If he looks at Mr. Graves for too long, he feels like he’ll go blind.
It’s dizzying. Terrifying. Suddenly, he cannot bring himself to shatter this beautiful spell.
“I, um,” Credence starts, heart climbing into his chest, racing like a herd of stampeding erumpents. “I’ll be right back.”
He pushes his chair out and flees the restaurant before Mr. Graves can catch up to him.
Credence does not come right back. He has little intention of ever seeing Mr. Graves again, in fact. The whole situation had been incredibly unwise to begin with. The longer he kept it up, the more insane and suicidal it was. More dangerous for himself, but also for Newt and his beasts. Perhaps for the city, too.
No, Credence had seen Mr. Graves, seen that the man was fine, that he was a well and truly different man, and now he could put it behind him. He could move on with his life.
He could continue to grow and develop and progress in all the right directions.
Credence doesn’t need the approval of a man he does not even know, of a face that is only a memory now. He doesn’t need to choose Mr. Graves as his north, doesn’t need that sort of sadness in his life.

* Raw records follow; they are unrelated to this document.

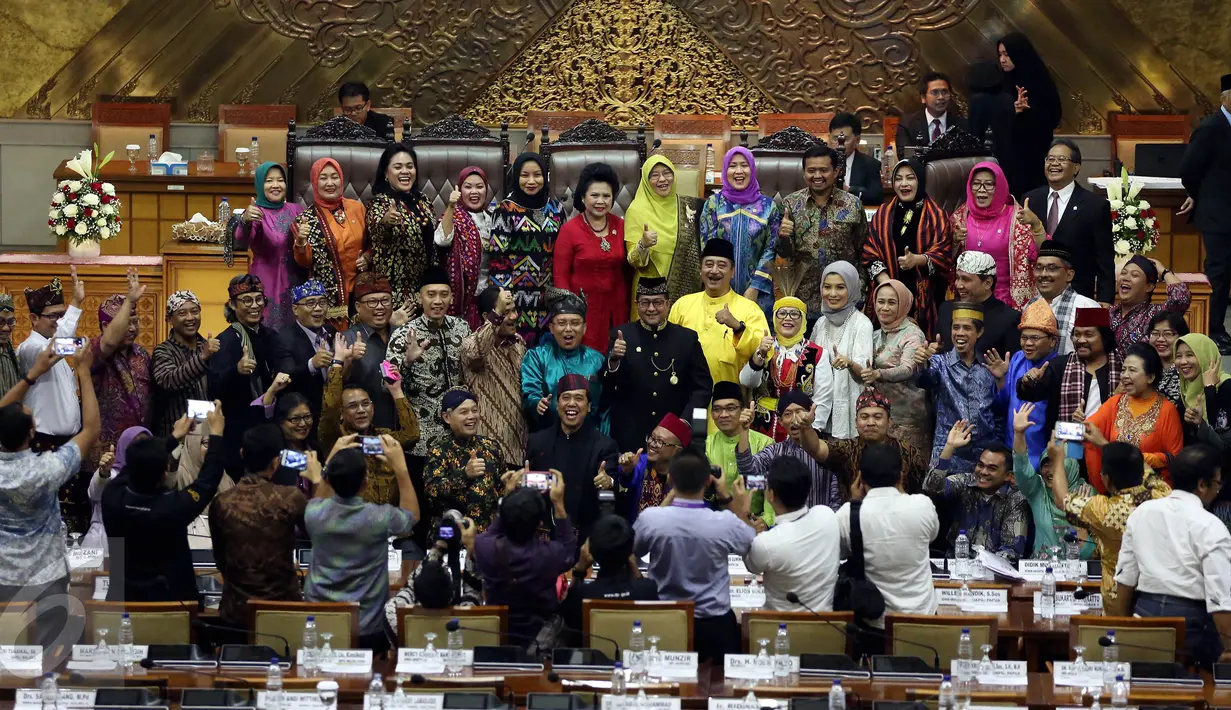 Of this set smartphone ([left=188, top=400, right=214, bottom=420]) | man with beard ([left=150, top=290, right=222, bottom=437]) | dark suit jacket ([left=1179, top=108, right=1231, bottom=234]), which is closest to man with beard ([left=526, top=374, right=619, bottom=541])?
man with beard ([left=150, top=290, right=222, bottom=437])

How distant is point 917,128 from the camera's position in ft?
41.0

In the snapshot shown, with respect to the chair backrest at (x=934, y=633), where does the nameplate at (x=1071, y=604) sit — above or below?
above

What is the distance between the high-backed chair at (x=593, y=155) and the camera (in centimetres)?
1055

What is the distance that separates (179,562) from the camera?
6965 mm

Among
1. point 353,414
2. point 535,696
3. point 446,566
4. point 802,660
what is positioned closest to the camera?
point 535,696

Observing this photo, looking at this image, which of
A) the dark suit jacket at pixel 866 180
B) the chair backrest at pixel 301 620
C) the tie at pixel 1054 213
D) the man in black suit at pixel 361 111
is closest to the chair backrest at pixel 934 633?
the chair backrest at pixel 301 620

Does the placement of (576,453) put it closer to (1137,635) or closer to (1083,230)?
(1137,635)

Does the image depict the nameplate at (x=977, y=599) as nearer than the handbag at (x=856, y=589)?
No

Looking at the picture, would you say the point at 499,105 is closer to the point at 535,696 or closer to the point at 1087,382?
the point at 1087,382

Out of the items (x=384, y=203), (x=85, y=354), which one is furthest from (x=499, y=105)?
(x=85, y=354)

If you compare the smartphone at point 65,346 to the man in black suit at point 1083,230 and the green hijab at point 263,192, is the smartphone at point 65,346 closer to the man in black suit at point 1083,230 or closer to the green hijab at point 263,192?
the green hijab at point 263,192

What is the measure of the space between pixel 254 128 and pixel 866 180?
465cm

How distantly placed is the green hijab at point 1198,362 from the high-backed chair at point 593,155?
11.0 feet

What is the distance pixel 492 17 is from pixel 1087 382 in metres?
6.89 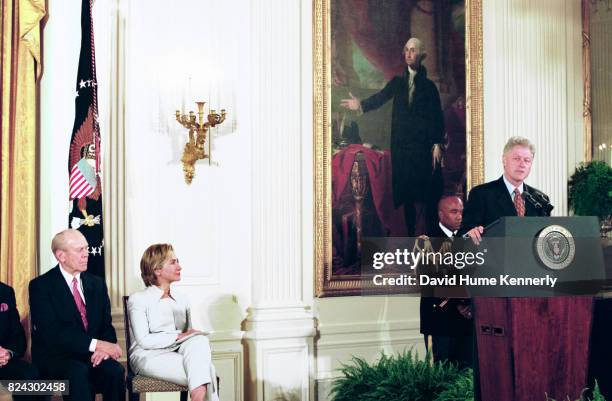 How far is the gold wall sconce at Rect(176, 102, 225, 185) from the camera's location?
673 cm

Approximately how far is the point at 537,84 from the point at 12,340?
5.78 meters

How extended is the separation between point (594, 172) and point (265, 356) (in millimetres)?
3973

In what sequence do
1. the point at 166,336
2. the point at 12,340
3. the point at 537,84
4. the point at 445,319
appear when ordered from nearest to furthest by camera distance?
1. the point at 12,340
2. the point at 166,336
3. the point at 445,319
4. the point at 537,84

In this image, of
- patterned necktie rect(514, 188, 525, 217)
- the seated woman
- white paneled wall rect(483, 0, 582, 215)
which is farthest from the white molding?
white paneled wall rect(483, 0, 582, 215)

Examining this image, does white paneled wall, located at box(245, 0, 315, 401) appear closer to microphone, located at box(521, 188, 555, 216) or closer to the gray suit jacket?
the gray suit jacket

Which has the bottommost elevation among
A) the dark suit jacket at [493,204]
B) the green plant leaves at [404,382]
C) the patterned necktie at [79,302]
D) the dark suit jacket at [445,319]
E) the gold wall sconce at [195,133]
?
the green plant leaves at [404,382]

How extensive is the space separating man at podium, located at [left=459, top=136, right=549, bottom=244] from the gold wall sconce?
2.29 meters

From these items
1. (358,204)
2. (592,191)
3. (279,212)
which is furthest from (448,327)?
(592,191)

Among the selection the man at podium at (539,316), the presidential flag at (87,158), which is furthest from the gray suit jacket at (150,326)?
the man at podium at (539,316)

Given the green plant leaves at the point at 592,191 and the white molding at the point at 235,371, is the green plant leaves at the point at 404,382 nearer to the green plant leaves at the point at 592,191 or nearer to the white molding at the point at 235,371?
the white molding at the point at 235,371

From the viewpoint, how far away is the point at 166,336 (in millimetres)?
5777

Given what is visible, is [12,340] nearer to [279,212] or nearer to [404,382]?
[279,212]

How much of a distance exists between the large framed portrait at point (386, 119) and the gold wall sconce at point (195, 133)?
1131 millimetres

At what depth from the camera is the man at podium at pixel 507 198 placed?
4969 mm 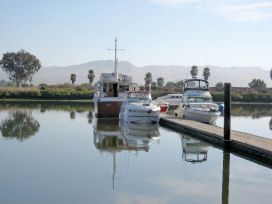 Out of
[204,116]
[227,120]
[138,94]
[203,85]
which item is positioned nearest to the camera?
[227,120]

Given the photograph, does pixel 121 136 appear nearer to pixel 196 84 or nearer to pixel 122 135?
pixel 122 135

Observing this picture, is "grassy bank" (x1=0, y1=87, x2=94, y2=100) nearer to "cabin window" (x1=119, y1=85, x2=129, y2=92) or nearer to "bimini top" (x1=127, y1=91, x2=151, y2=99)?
"cabin window" (x1=119, y1=85, x2=129, y2=92)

But he also cannot just walk away. Not after having left so rudely.
Three days later, and one day before he and Newt are headed off across the ocean, Credence finds himself standing in front of the Woolworth building again in the morning. He has a box of pastries clutched in his hands, full of delicious treats from Mr. Kowalski’s bakery.
Most of Credence’s last few days had been full of re-introductions and questions. Tina, Queenie, and Mr. Kowalski had all been sworn to secrecy about his continued existence. It had been quite a whirlwind of visiting, but it was a nice send-off before he and Newt headed off to their next destination, the French Riviera. Queenie had kindly taken Credence shopping at both a No-Maj department store and a few magic boutiques, where he knew best to keep his head down and not show much of his face.
This morning he had shared a jelly donut with the niffler while trying to calm his nerves with a steaming cup of coffee. It had left him warm and jittery, but no less nervous about the apology he knows he needs to make. The cool autumn air bites at his cheeks, wind turning up the bottom of his wool coat as he waits outside MACUSA.
Luckily, he doesn’t have to wait long.
Mr. Graves appears next to him before Credence is really ready for him -- as if he would ever be ready to stand next to Mr. Graves again, to not feel shaken by his very existence.
“Theseus. I didn’t expect to see you again,” Mr. Graves says, instead of hello.
Credence can’t meet his eyes. Instead, he just hands over the box of pastries, pressing it into Mr. Graves hands. “I’m sorry. I didn’t mean to leave, but I just -- I had to.”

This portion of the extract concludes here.